TASK:
Would you retype the line that contains "tops 女の子　小学生　キッズ　韓国子供服　海外ファッション　nicoru. ニコル　子供服" and all lines following it to the end of the entries below, exactly and without pictures?

RECORDS TO USE:
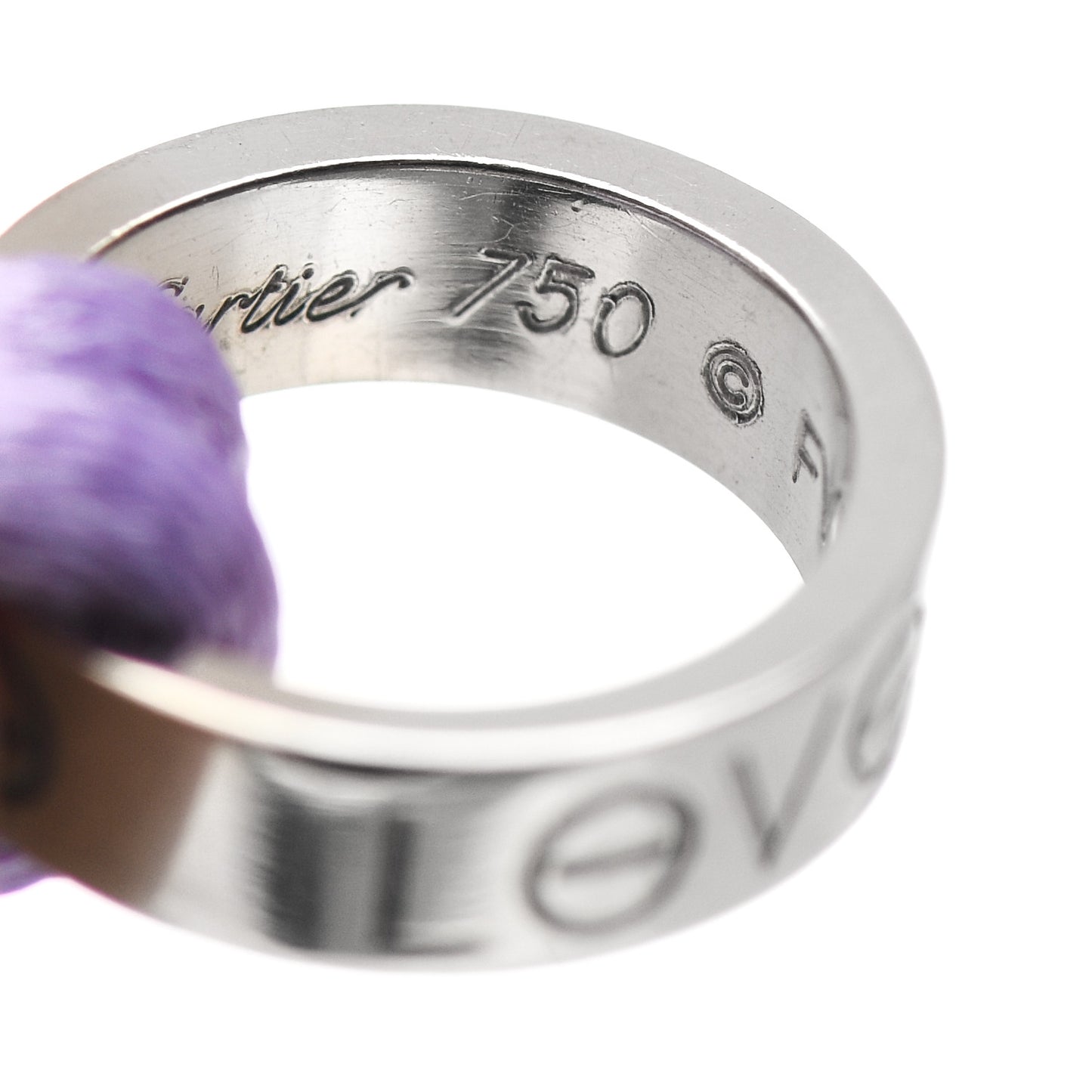 18K White Gold Charity LOVE Adjustable Cord Bracelet Lavender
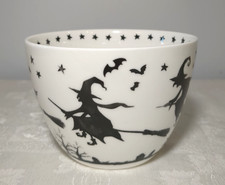 RARE PORTABELLO BY INSPIRE FLYING WITCH GRAVEYARD BONE CHINA COFFEE MUG picture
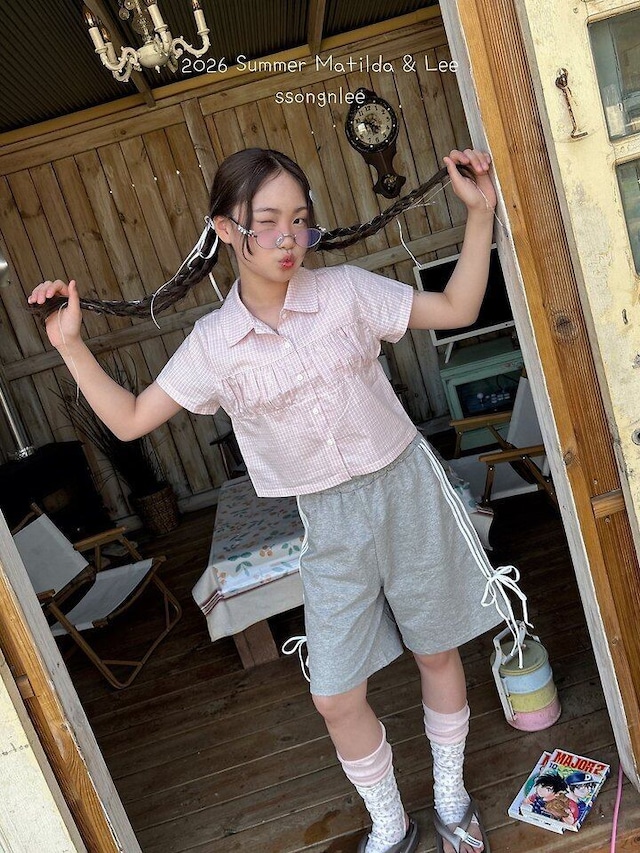 【予約】matilda&Lee シャーリングカラブラウス tops 女の子　小学生　キッズ　韓国子供服　海外ファッション　nicoru. ニコル　子供服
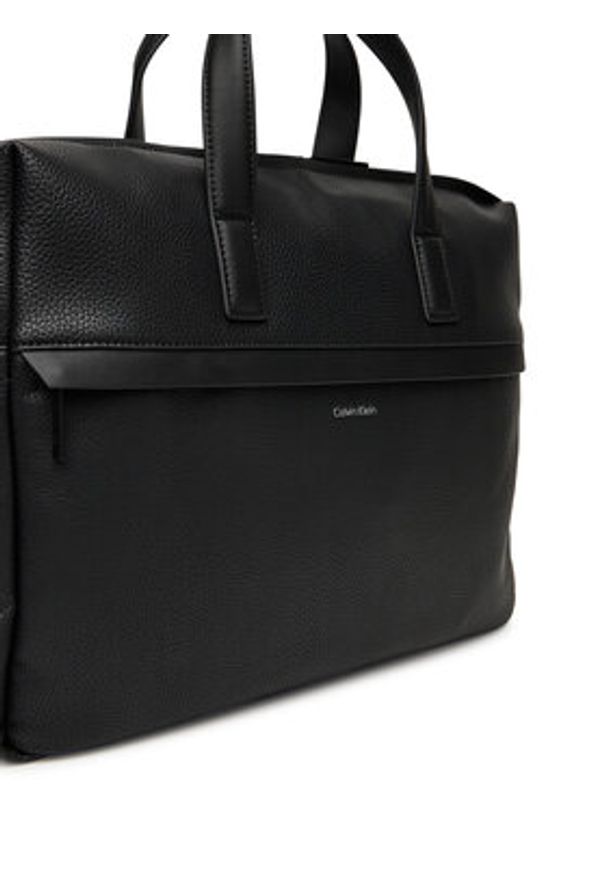 Calvin Klein Torba na laptopa Ck Must Laptop Bag LV04D3082G Czarny. Kolor: czarny. Materiał: skóra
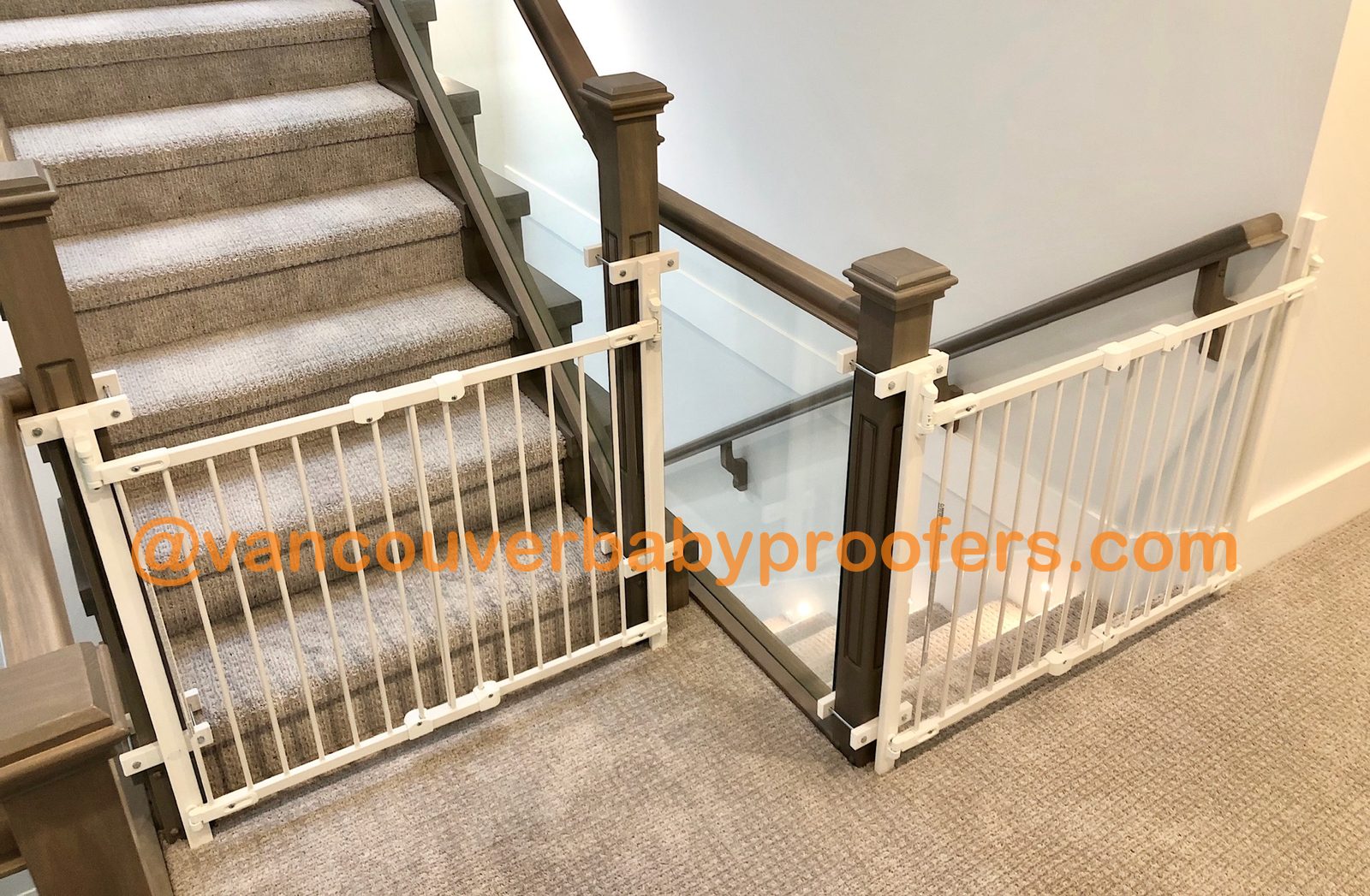 Wood banisters, no-hole clamps installation by Vancouver Baby Proofers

RESULT OF THIS EXERCISE:
 【予約】matilda&Lee シャーリングカラブラウス tops 女の子　小学生　キッズ　韓国子供服　海外ファッション　nicoru. ニコル　子供服
 Calvin Klein Torba na laptopa Ck Must Laptop Bag LV04D3082G Czarny. Kolor: czarny. Materiał: skóra
 Wood banisters, no-hole clamps installation by Vancouver Baby Proofers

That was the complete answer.